Bordeaux : Après les témoignages de violences sexuelles à Sciences Po, qu’est-ce qui va changer ?
LIBERATION DE LA PAROLE Après avoir recueilli en quelques jours, sur une page Facebook privée, 150 témoignages de violences sexistes et sexuelles auprès d’étudiants de Sciences Po Bordeaux, des actions de prévention vont être mises en place
- La page Facebook privée d’une association de Sciences po Bordeaux a été prise d’assaut par des victimes de violences sexistes et sexuelles.
- La direction, en lien avec l’association Sexprimons nous, va mettre en place des actions de prévention dès le printemps.
- Un groupe de travail est lancé et des formations pour sensibiliser les nouveaux étudiants et ceux qui partent à l’étranger, jugés particulièrement fragiles, vont être organisées.
« On a senti des gens en grande détresse et pour nous cela n’a pas été facile à gérer », commente Marie, une des représentantes de l’association féministe Sexprimons nous, portée par des étudiants de Sciences Po Bordeaux.
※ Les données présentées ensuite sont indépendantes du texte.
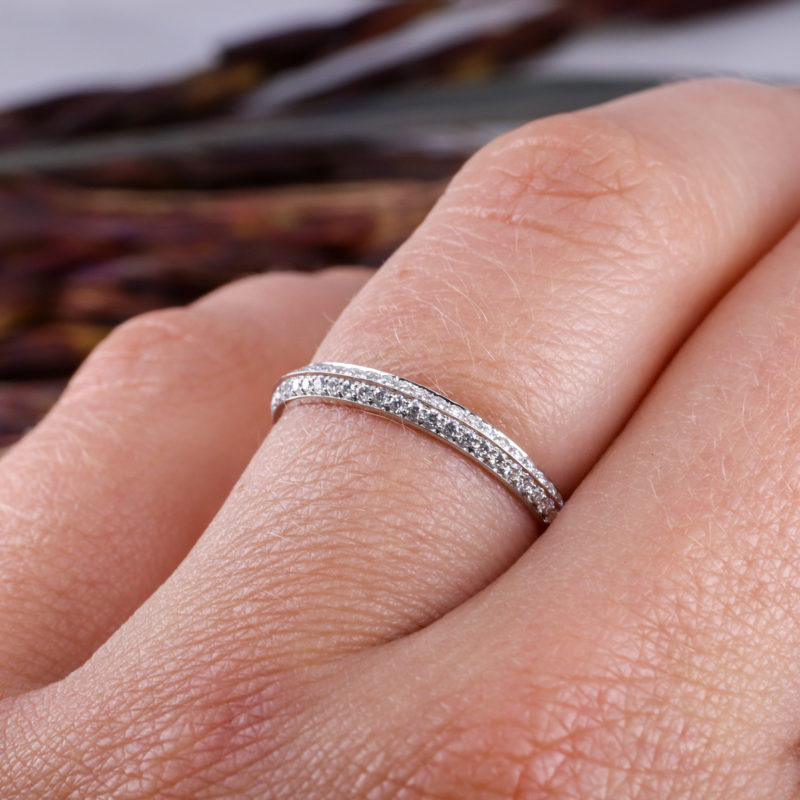 Platinum coco double-sided diamond full eternity ring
Le 23 janvier dernier, une victime de violence sexuelle raconte ce qu’elle a subi sur une page Facebook privée de l’association et son témoignage incite d’autres étudiants à franchir le pas. En quelques jours, plus de 150 récits de sexisme, harcèlement, violence sexuelle et viol affluent, émanant d’anciens ou d’actuels étudiants de la prestigieuse institution bordelaise, qui compte environ 3.000 étudiants.
« Tout le monde a été surpris, choqué et dans l’empathie aussi, réagit Caroline Dufy, chargée de l’égalité hommes-femmes à Sciences Po Bordeaux. Il y a une volonté de mettre en place des mesures pour que ces choses-là n’arrivent plus. » « On n’a pas été du tout étonnées du contenu des témoignages, réagit Amélie, de l’association Sexprimons nous. Ce qui nous a surpris, c’est le fait que beaucoup aient témoigné à visage découvert ». L’association veut œuvrer à « recréer un lien confiance entre les étudiants et l’administration », ajoute Léa, constatant à la lumière de certains témoignages qu’il avait été abîmé.
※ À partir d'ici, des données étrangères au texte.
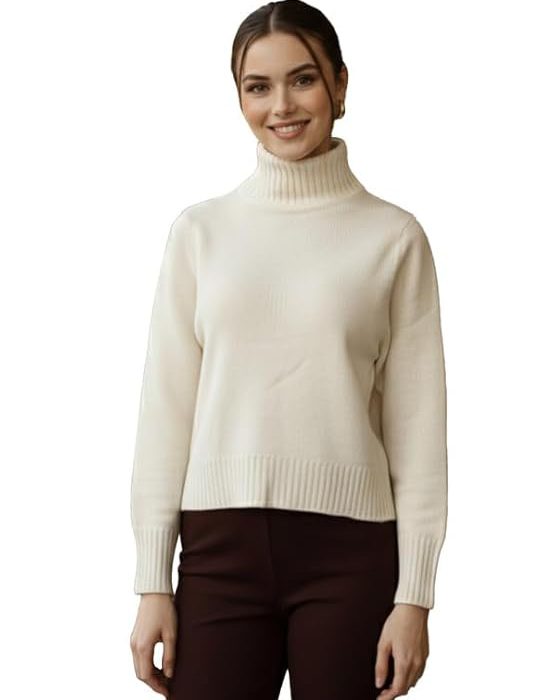 Women's Wool Blend Winter Wear Turtle Neck Drop Shoulder Sweater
Une cellule de veille et d’écoute a été créée en 2018, associant des professionnels tels que des psychologues et des juristes, afin de prendre en charge différents types de violences (harcèlement, mal être, violences sexistes et sexuelles, difficultés psychologiques etc.) « Il faudra la renforcer », estime Caroline Dufy.
Groupe de travail et formations
Un groupe de travail a été constitué et va se réunir ce jeudi, en associant des enseignants, des représentants de la direction et des étudiants. « Ils savent mieux où sont les trous dans le dispositif », pointe Caroline Dufy. « On va essayer de concrétiser nos idées déjà formulées, bien accueillies par la direction, et on a fait un appel à propositions auprès des étudiants », précise Amélie de Sexprimons nous.
A l’occasion de stages ou de mobilité dans leurs cursus, les étudiants de Sciences Po Bordeaux sont amenés à séjourner à l’étranger. « Il faut mieux les former avant leur départ, estime Caroline Dufy. Le dépaysement est une opportunité considérable mais il faut renforcer la prévention car ils sont loin de leur famille, de l' institution, de leurs amis, et ils se retrouvent démunis face à des agressions ».
L’association pointe néanmoins que seules 20 des 150 personnes qui témoignent se trouvent dans une situation de mobilité, même si le contexte n’est pas toujours explicité dans les témoignages. « Mais, il est sûr que c’est un facteur de vulnérabilité parce qu’on ne parle pas forcément la langue du pays et qu’il est plus difficile de trouver l’accompagnement adéquat en cas de problème », ajoute Amélie.
Dès le printemps, des formations seront proposées aux étudiants qui vont partir à l’étranger et à la rentrée prochaine, une autre sera proposée à tous les nouveaux étudiants. La lutte contre les violences sexistes et sexuelles « doit constituer un point d’attention majeur de notre projet d’établissement pour les années à venir », écrit Bernard Cazeneuve, président du conseil d’administration de Sciences Po Bordeaux, au directeur Yves Deloye, dans une lettre ouverte en date du 5 février.
Des actions militantes
Sur le versant militant, l’association a prévu une campagne sur les réseaux sociaux, évoquant notamment le consentement, les agressions sexuelles, la culture du viol, etc. Un annuaire de psychologues et thérapeutes est aussi en cours d’élaboration. « Le fait de témoigner a pu réveiller en eux des traumatismes, c’est aussi pour ça qu’on a mis en place des groupes de parole, souligne Marie. Il y a une demande à échanger entre victimes ».
« On ne peut pas continuer comme ça c’est certain, les étudiantes et étudiants ont le droit d’étudier dans des atmosphères de sérénité et de tranquillité », conclut Caroline Dufy.